Christian Science has come to instruct us in the truth of our being. We have found the source of our existence to be God. We have discovered that our real being is God's reflection, and now as Christian Scientists we are learning to identify ourselves with this spiritual estate. In this, our true identification, we learn to separate ourselves from all that is mortal and afflictive. The joy of achievement comes with each proof of the omnipotence and omnipresence of God. We do not resist, but we welcome, every opportunity for proving our God-given dominion.
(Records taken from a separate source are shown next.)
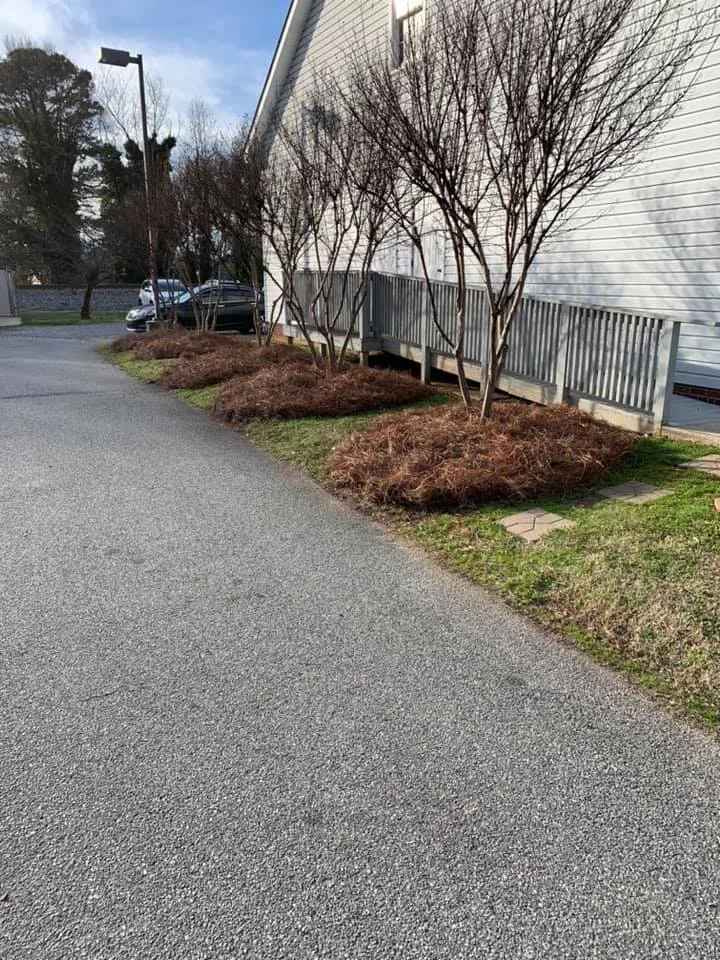 Custom landscaping services in Concord, NC by Richard Raffaldt Landscaping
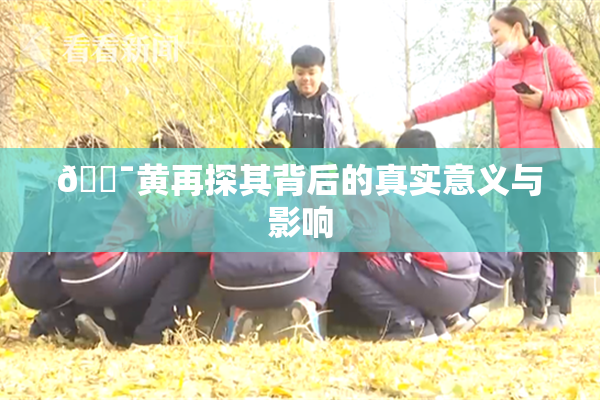 🔯黄再探其背后的真实意义与影响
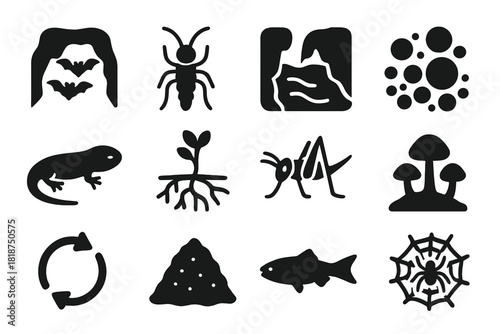 Subterranean Ecosystem Icons. Solid style icons of subterranean ecosystems: bat colony, troglobite insect, underground stream,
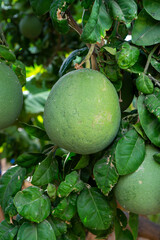 Big round pomelo citrus fruits hanging on trees on pomelo plantations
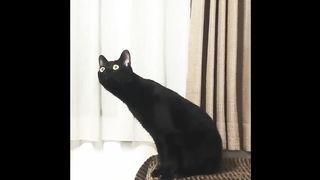 Cat listening to classical music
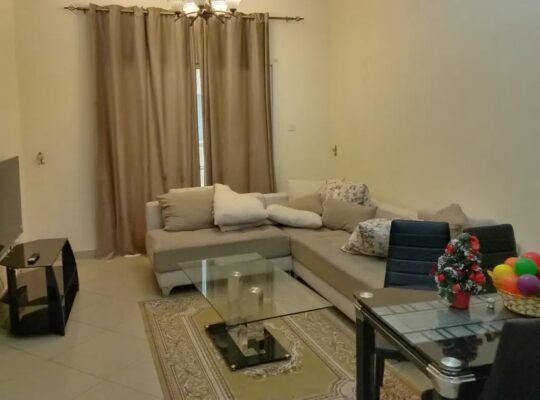 1 BHK FULLY FURNITURE FLAT FOR RENT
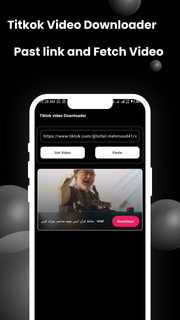 Tiktok Video Downloader PC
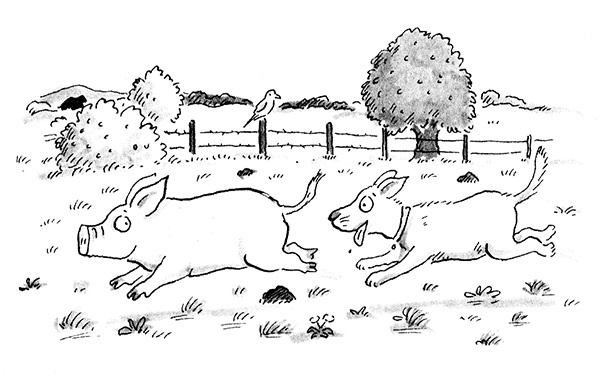 Иллюстрация к книге — Руди-Пятачок [i_011.jpg]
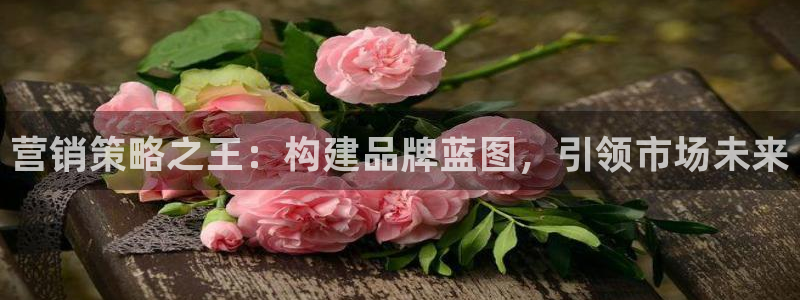 必赢网址谁知道是真的：营销策略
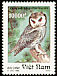 Northern White-faced Owl Ptilopsis leucotis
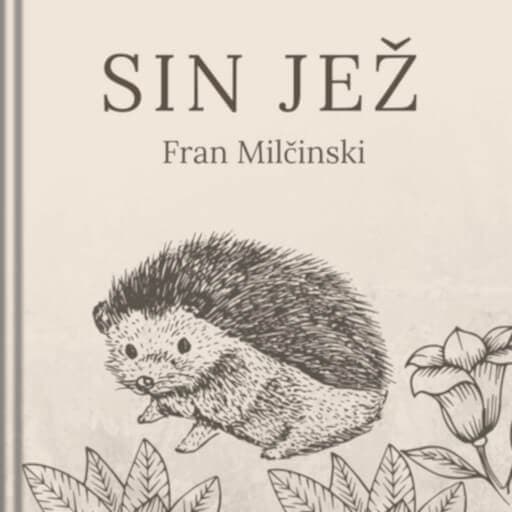 book cover for Sin jež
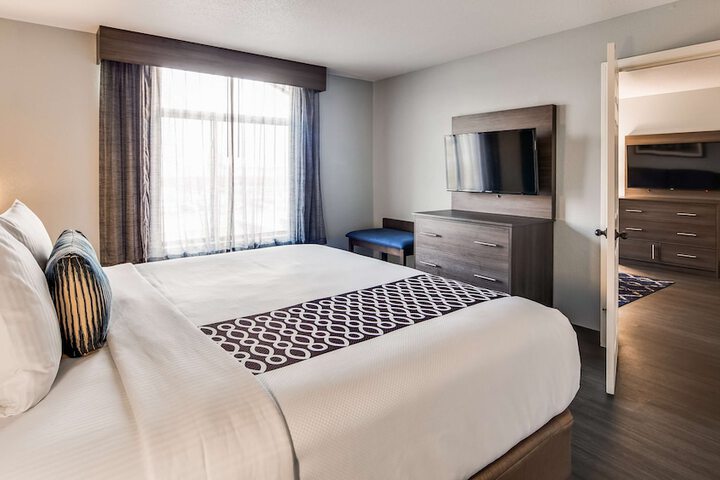 1 King Bed Pet Friendly Bathtub Accessible (10 of 22)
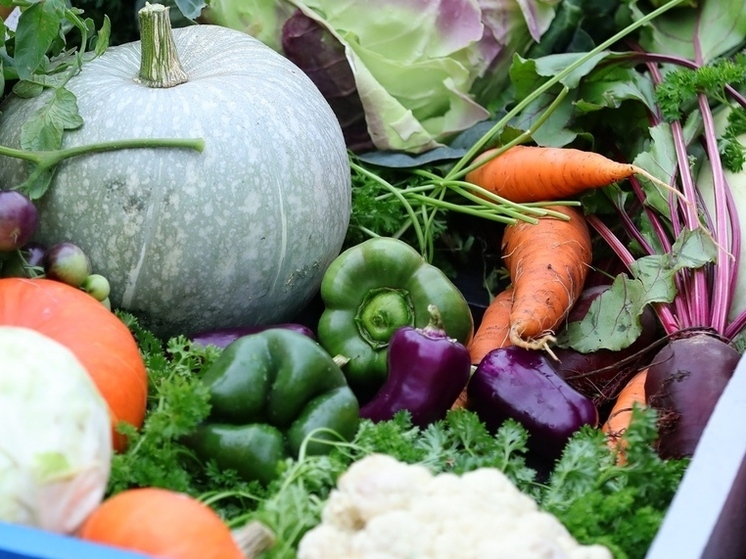 В Челябинск не пустили 2,5 тонны овощей из-за расхождений в документах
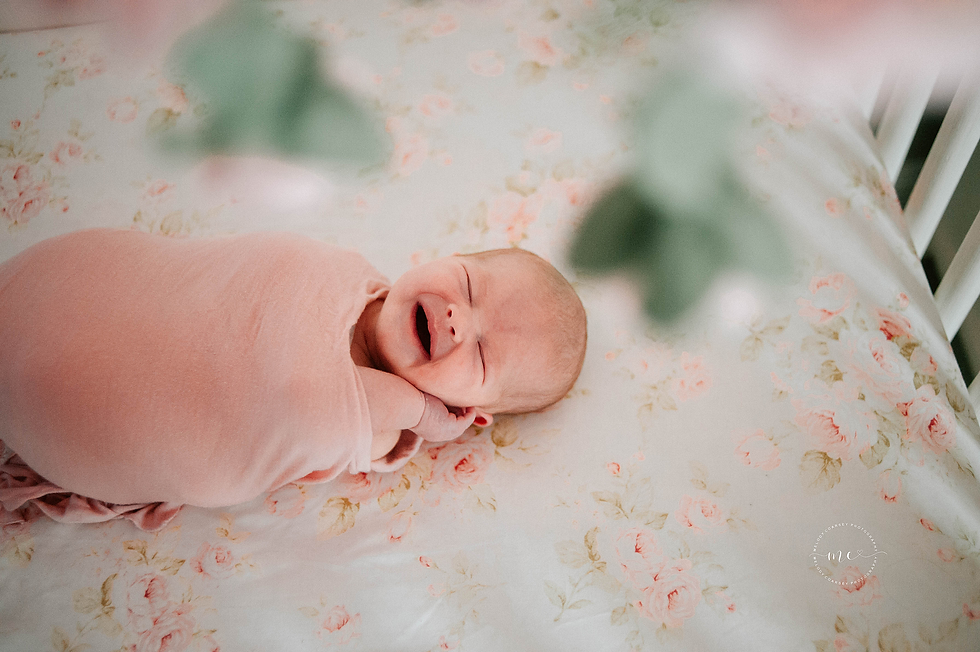 newborn photographer jacksonville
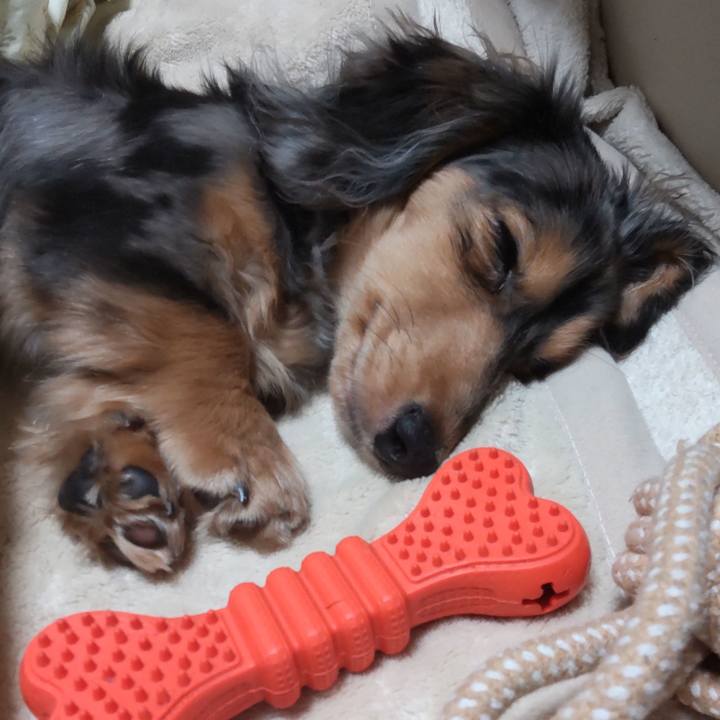 95b78378 daf0 4e85 8905 97d653aa07f6 1707729733267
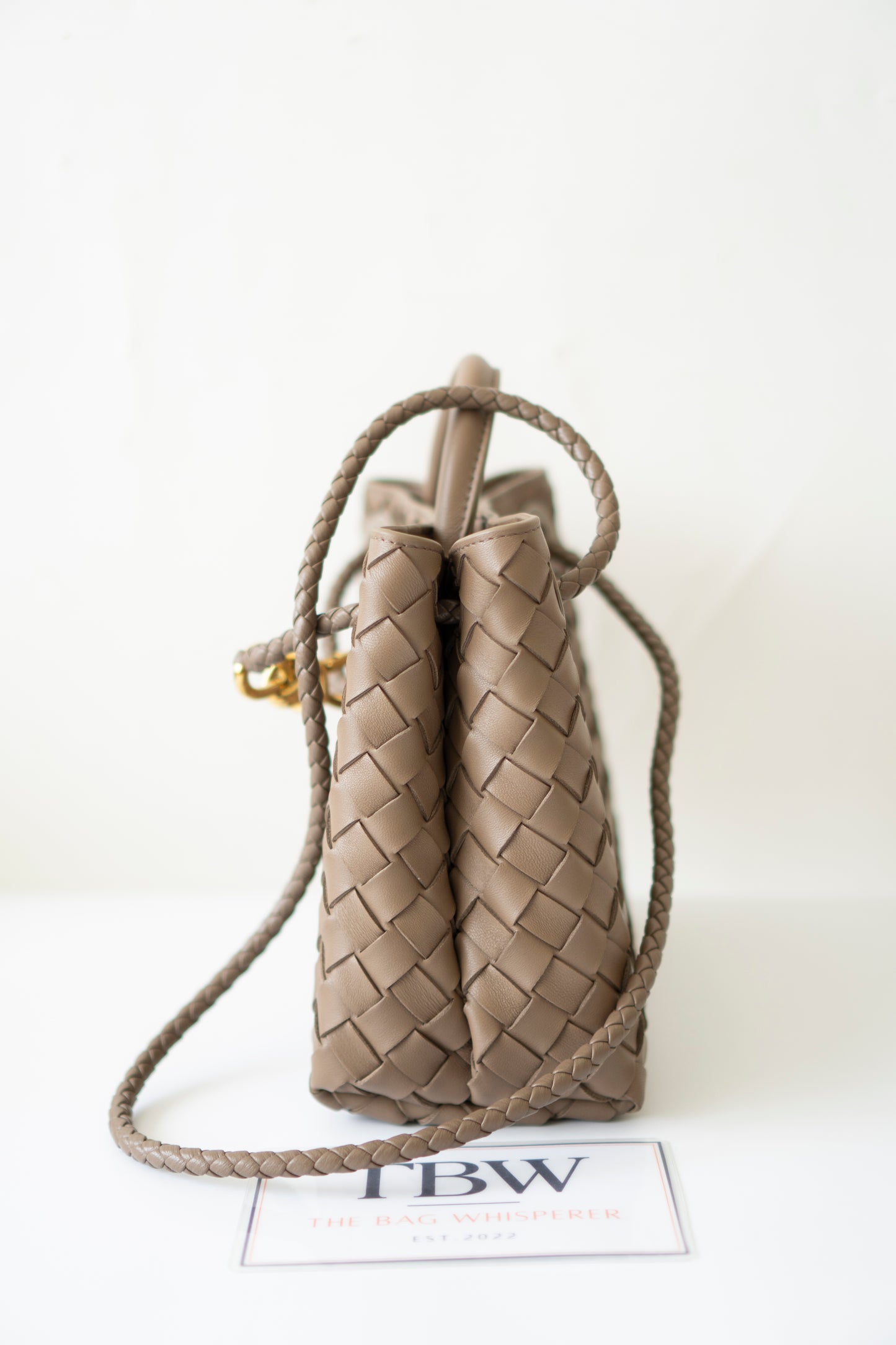 Small Andiamo – Taupe with Gold Hardware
In doing so we ascribe all power to God and attempt to divest our thought of the mortal mind impressions gained from heredity, false education, and material environment, which are three channels through which error operates.

Our hope and faith are firmly anchored when we pray to our Father which is in heaven, the one all-inclusive good, who, let it not be forgotten, is also Mother as well as Father. Mrs. Eddy has revealed the nature of God as both Father and Mother, expressing the completeness of the perfect Mind. Thus we see creation complete and perfect. God's creation includes all that is tender and true, all that is gentle and strong. The masculine and feminine qualities blend in never-ending variety, thus constituting the only real individuality of man.

Morning by morning a glorious opportunity awaits us to awaken in the light of divine Mind, to watch the dawn of spiritual ideas sending out protective, purifying, and healing rays into our lives. Thus the beauty of Truth is made practical to mortals.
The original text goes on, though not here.